Polyclonal Antibody Against Bloom's Syndrome Protein (BLM) for Research 
and Diagnostic Use

    Description of Technology: Investigators at the National Institutes 
of Health have generated a polyclonal antibody against Bloom's syndrome 
protein (BLM). The BLM protein is a DNA helicase enzyme and a key 
component of the DNA damage response signaling pathway. Several protein 
kinases including ATM, DNA-PK, and ATR can mediate the phosphorylation 
of BLM. The polyclonal antibody is generated by using a phosphorylated 
peptide belonging to the N-terminus of BLM. The antibody shows a rapid 
phosphorylation of BLM on threonine 99 (T99p-BLM) following DNA damage 
by anti-cancer agents and could serve as a therapeutic marker of drug 
action on DNA. The antibody is also useful for microscopic and 
biochemical analysis of DNA damage signaling.
    Applications:
     A therapeutic marker of drug action on DNA
     A diagnostic indicator of inherent genomic instability
    Inventors: Yves Pommier and V. Ashutosh Rao (NCI)
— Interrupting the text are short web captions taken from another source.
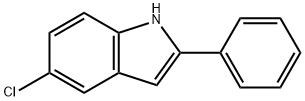 1H-INDOLE, 5-CHLORO-2-PHENYL- Struktur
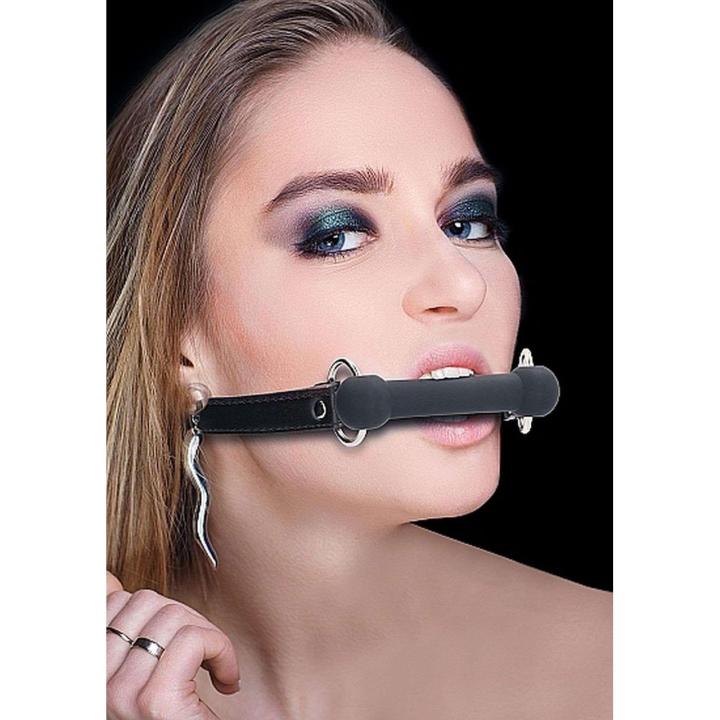 Knebel bit bdsm czarny silikon bez ftalanów | Loris.pl
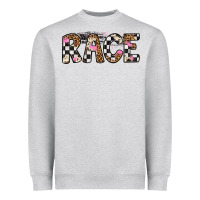 Heather Grey race Heavyweight Sweatshirt - Artiststas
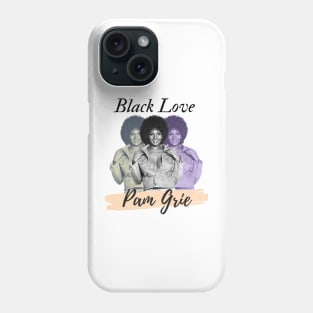 Pam Grier Retro Blaxploitation Fan Artwork Phone Case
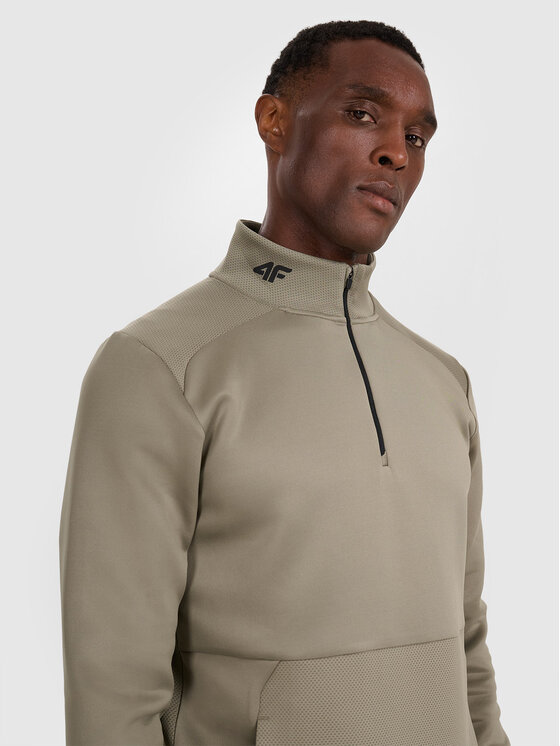 4F 4F Bluza techniczna TRAINING Khaki Regular Fit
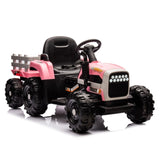 ZNTS Ride on Tractor with Trailer,12V Battery Powered Electric Tractor Toy w/Remote Control,electric car 18115985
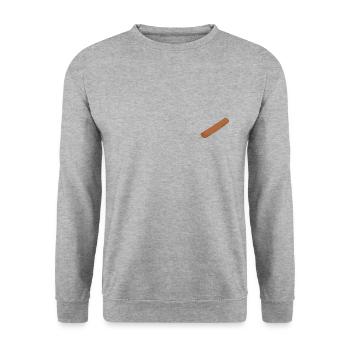 Frikandel - Unisex Sweatshirt - salt & pepper - Front - Alina (178cm) & Michal (187cm)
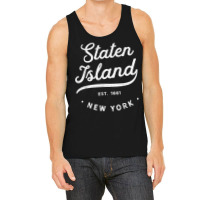 Classic Retro Vintage Staten Island New York City Usa Pride Tank Top | Artistshot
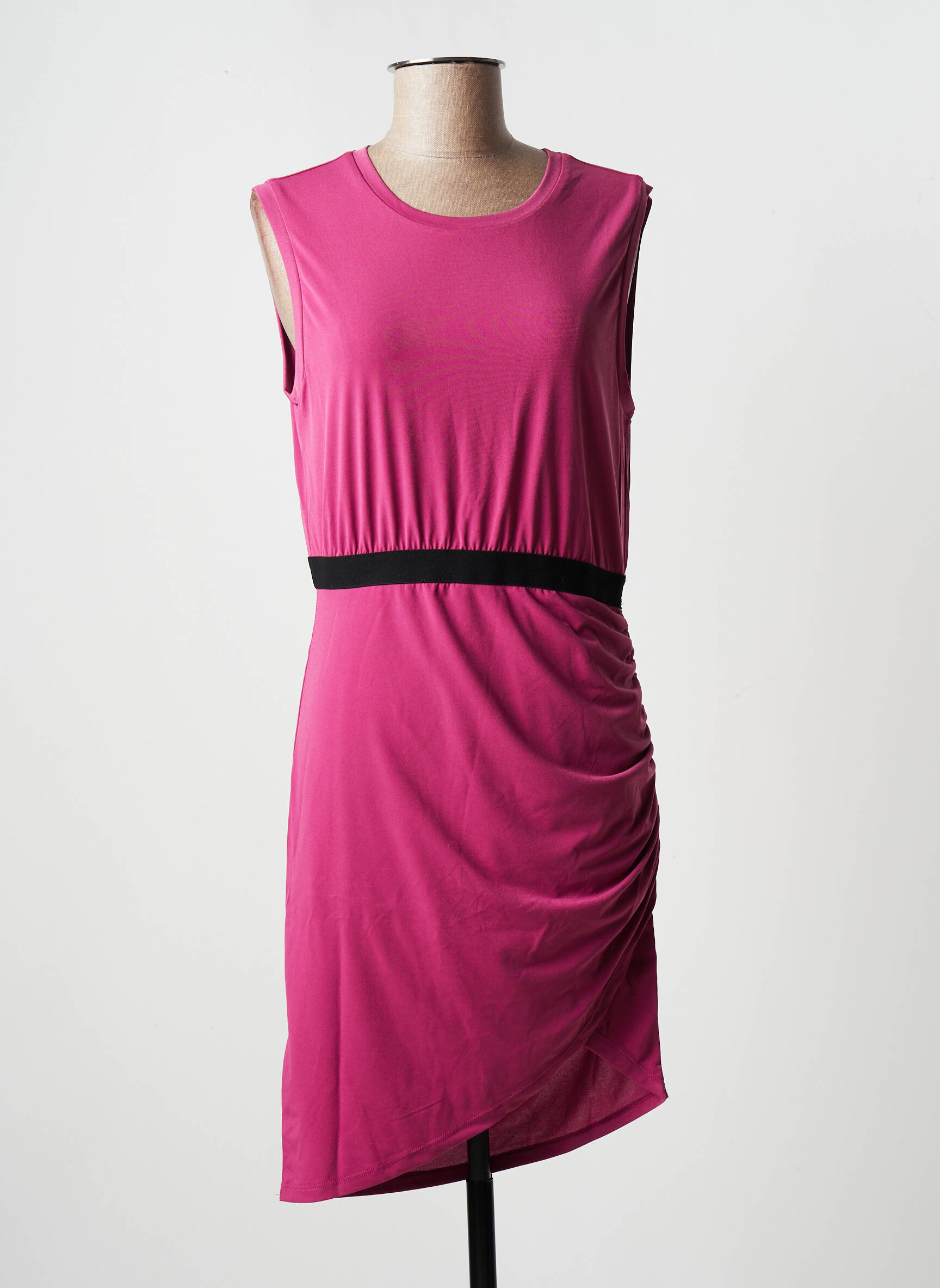 Pusilgių suknelė be rankų be rankų rožinė BCBGMAXAZRIA moteris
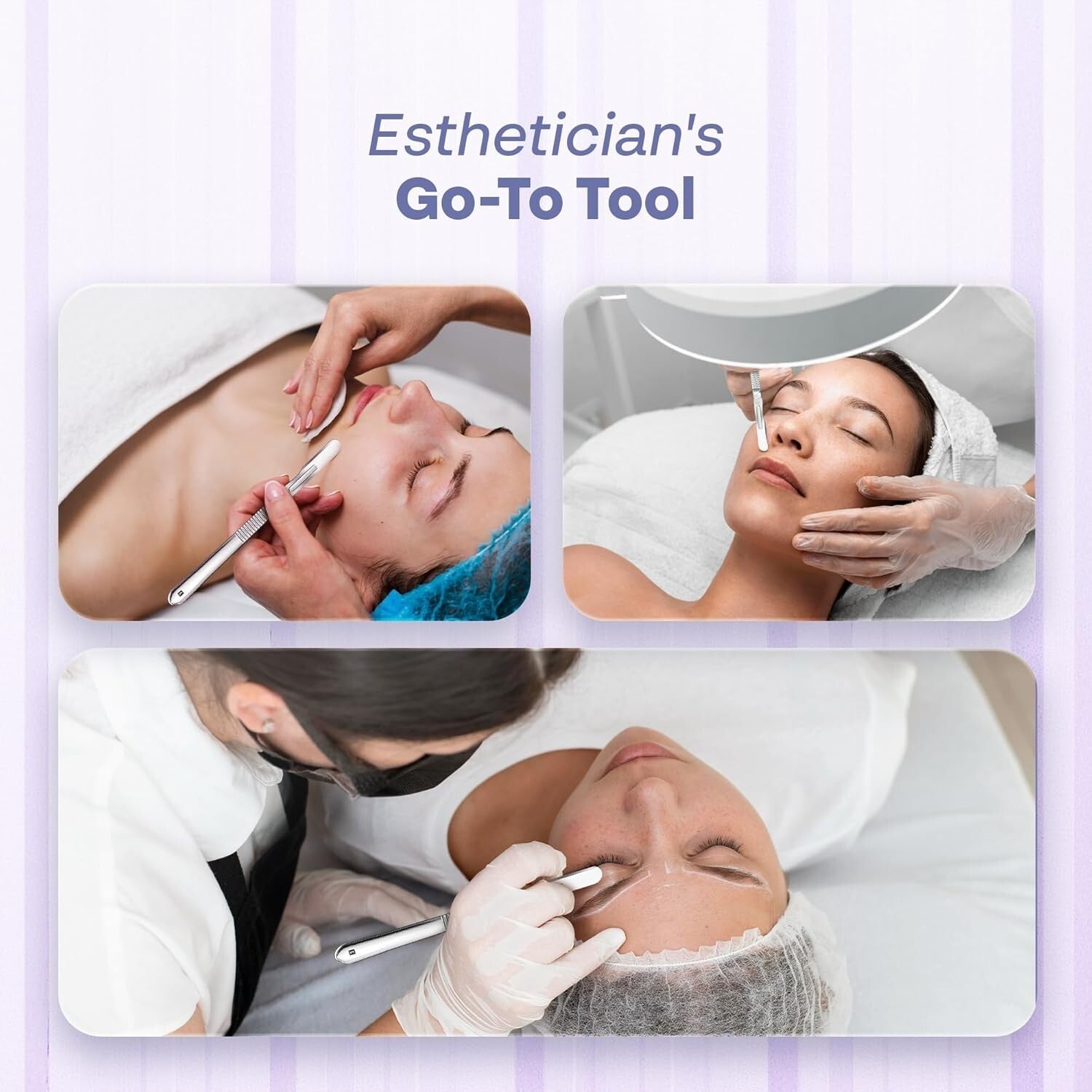 Comprehensive Dermaplaning Scalpel Kit with 100 Sharp 10R Blades and Tools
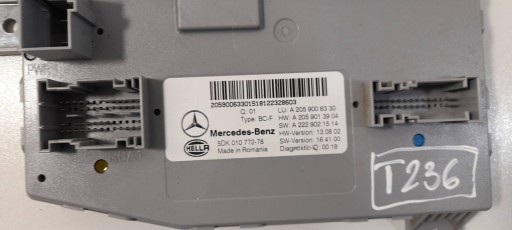 Mercedes-Benz GLC X253 C253 comfort control unit A2059006330 (T236)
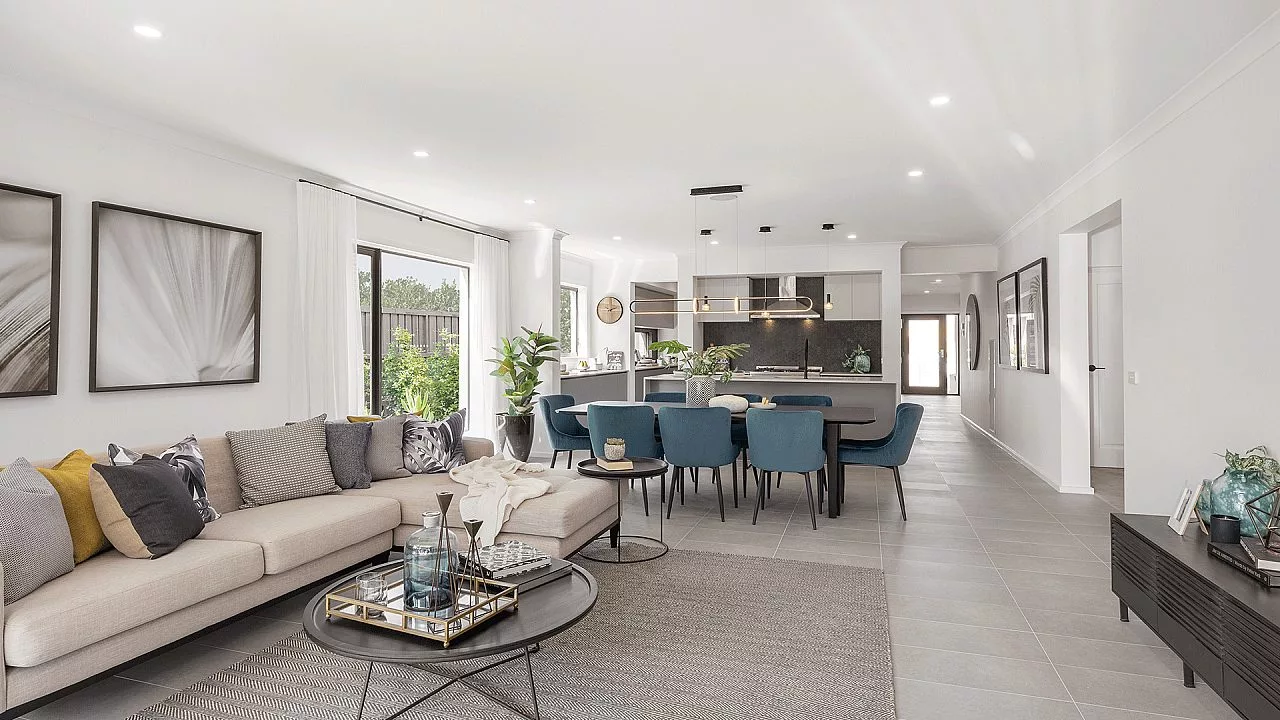 Bellevue 29 Living, Dining and Kitchen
    Patent Status: HHS Reference No. E-053-2006/0--Research Tool. 
Patent protection is not being sought for this technology.
    Licensing Status: Threonine 99 specific polyclonal antibody against 
the BLM protein is available for licensing.
    Licensing Contact: Betty Tong, PhD; 301-594-6565; 
tongb@mail.nih.gov.

    Dated: April 16, 2009.
Richard U. Rodriguez,
Director, Division of Technology Development and Transfer, Office of 
Technology Transfer, National Institutes of Health.